O SORRISO DE THALITA

“O sorriso de Thalita sempre foi o mais bonito”, pensei… Mesmo com seu andar desengonçado de menina gordinha, nos anos 90. Pelo menos por fora… não pareciam haver grandes problemas de autoestima. A gordura incomodava, mas Thalita parecia notar que – mesmo ali – o seu peso diferenciado era apenas “parte de um todo repleto cheio de variações”, das mais singelas e complexas lacunas ou projetos de sequelas e traumas futuros. Nada com poder de antecipação… Talvez fosse por isso que, além de seus grandes cabelos lisos e muito pretos – e sua situação financeira excelente – que faziam com que as outras meninas da escola, não só a deixassem em paz, como procurassem sua “amizade”, “para sempre e para todo o sempre”, Thalita sempre soube que dentro daquela vida que tinha e escolhera manter… não existia lugar para grandes e verdadeiros… amigos.

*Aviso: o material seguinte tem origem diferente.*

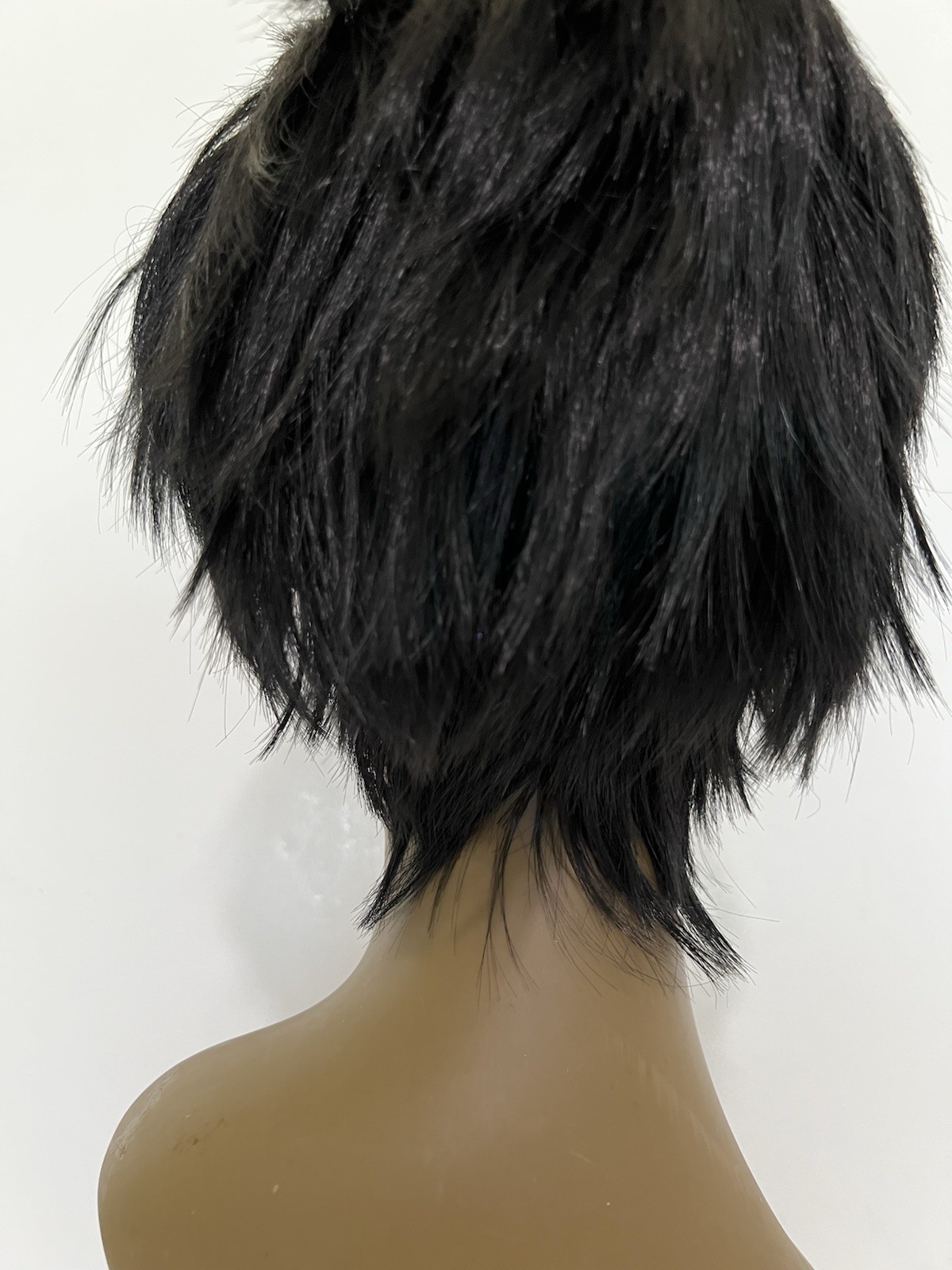 Short Straight Black Pixie Wig Soft Classic Cap Full Synthetic Hair Halloween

… sua ambição era controlada e focada. Sonhava em ser médica, simplesmente por saber que as possibilidades financeiras eram maiores, além da manutenção de seu conforto e sua imagem perante este círculo de amizades e rede sociais, a qual já fazia inteiramente parte. Primeiro por existir, depois pelo seu grande sorriso (o sorriso mais bonito de todos) … e afinal (e somente no final), por sua inteligência. Seu corpo ia mudando… pretendentes e namorados aparecendo, e que iam aumentando e alimentando a sua vaidade e o seu status. Thalita sabia que eram garotos estúpidos. E que não devia esperar muito deles. Seu corpo ia mudando… Ia mudando… Mudando… Até que eu nunca mais a vi.

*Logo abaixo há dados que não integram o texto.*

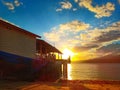 Beautiful view of the orange sky at sunrise in Larantuka, Flores Island, East Nusa Tenggara, Indonesia. Royalty Free Stock Photo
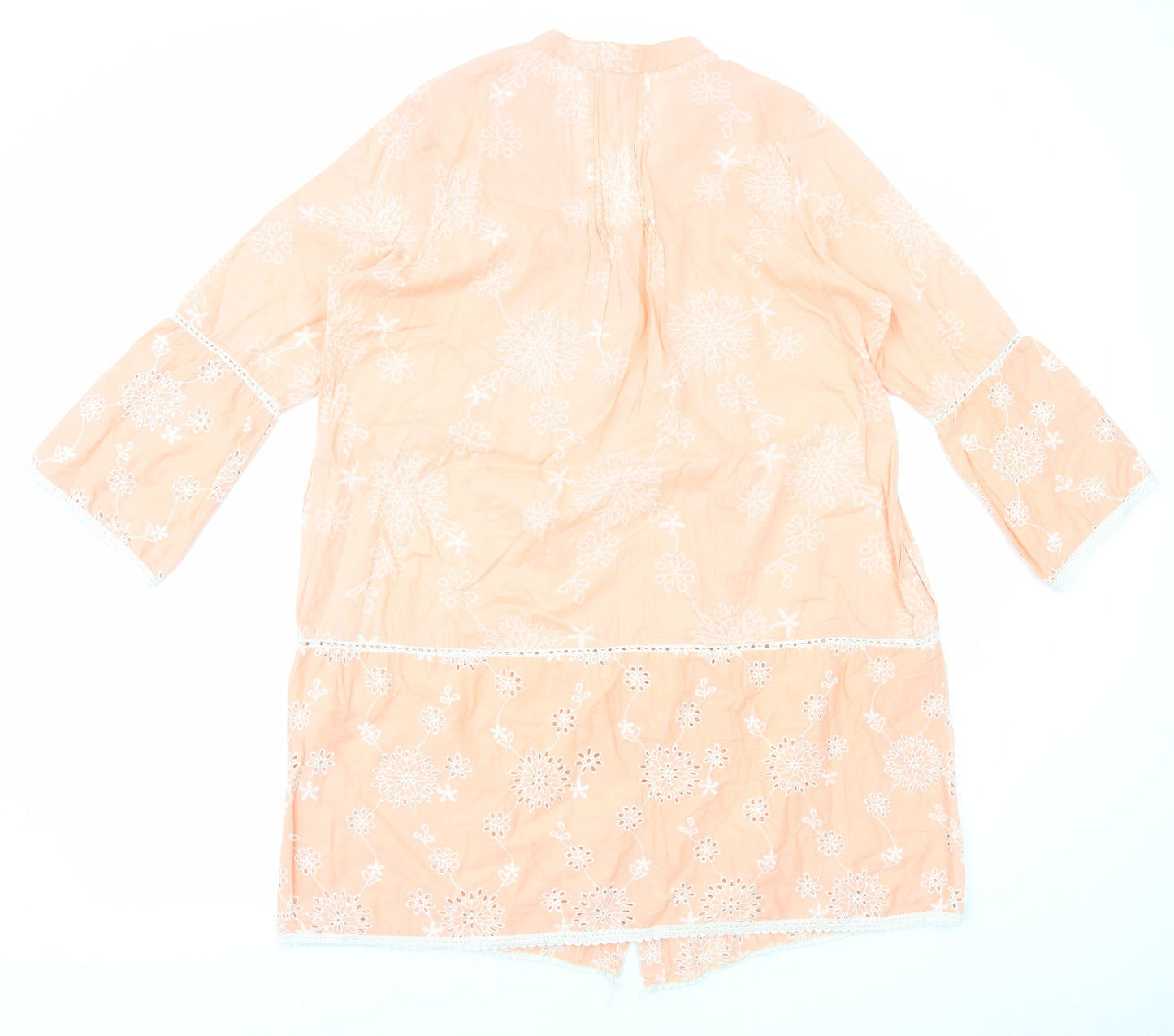 Preworn Womens Pink Cotton Shift Size L V-Neck Button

Na verdade: eu nunca soube porque Thalita mantinha ainda uma certa amizade comigo… Certa vez me disse – com seu sorriso enorme e branco – que eu era seu “único amigo poeta”. Eu dei de ombros sorrindo de volta como quem dizia “e quantos poetas você conhece?”, mas de repente a vida afastou a gente. Nunca mais a vi até hoje mais cedo. Encontrei Thalita no aeroporto e ela tinha o cabelo pintado de loiro. Seu corpo estava muito mais magro. Bonito para muitos. Bonito para – provavelmente – todas as pessoas do meio em que queria viver… Me abraçou com muita força, e pareceu segurar as lágrimas. Depois me deu aquele velho, largo, e inesquecível… sorriso branco.

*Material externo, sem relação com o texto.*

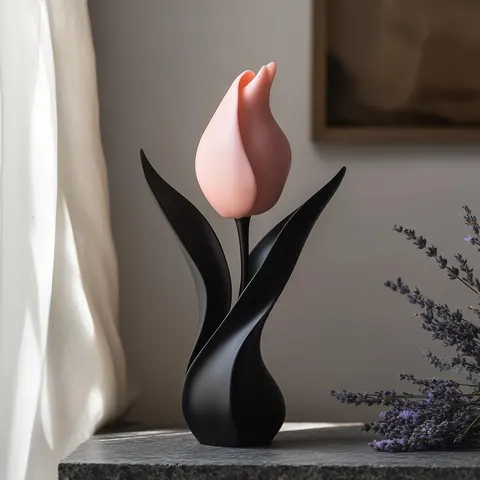 Flower Statuette — 3D printed botanical sculpture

Me perguntou se eu continuava escrevendo e eu disse que sim. Pegamos o mesmo avião, só que em poltronas diferentes. Pro mesmo lugar só que com destinos e lugares bem diferentes. Lugares muito mais pomposos ela veria, com certeza… Na saída, nos falamos rapidamente, ela tinha pressa… Parecia sentir certa angustia em não poder falar um pouco mais comigo. Aparentemente fazia aquele percurso toda semana. Continuei andando devagar, quase me arrastando pelo aeroporto. Pois, prefiro ser devagar, e prefiro ter tempo. Ter OU NÃO TER, tempo… É uma questão de escolha. E gosto de ir bem devagar. “O sorriso mais bonito…”, Pensei.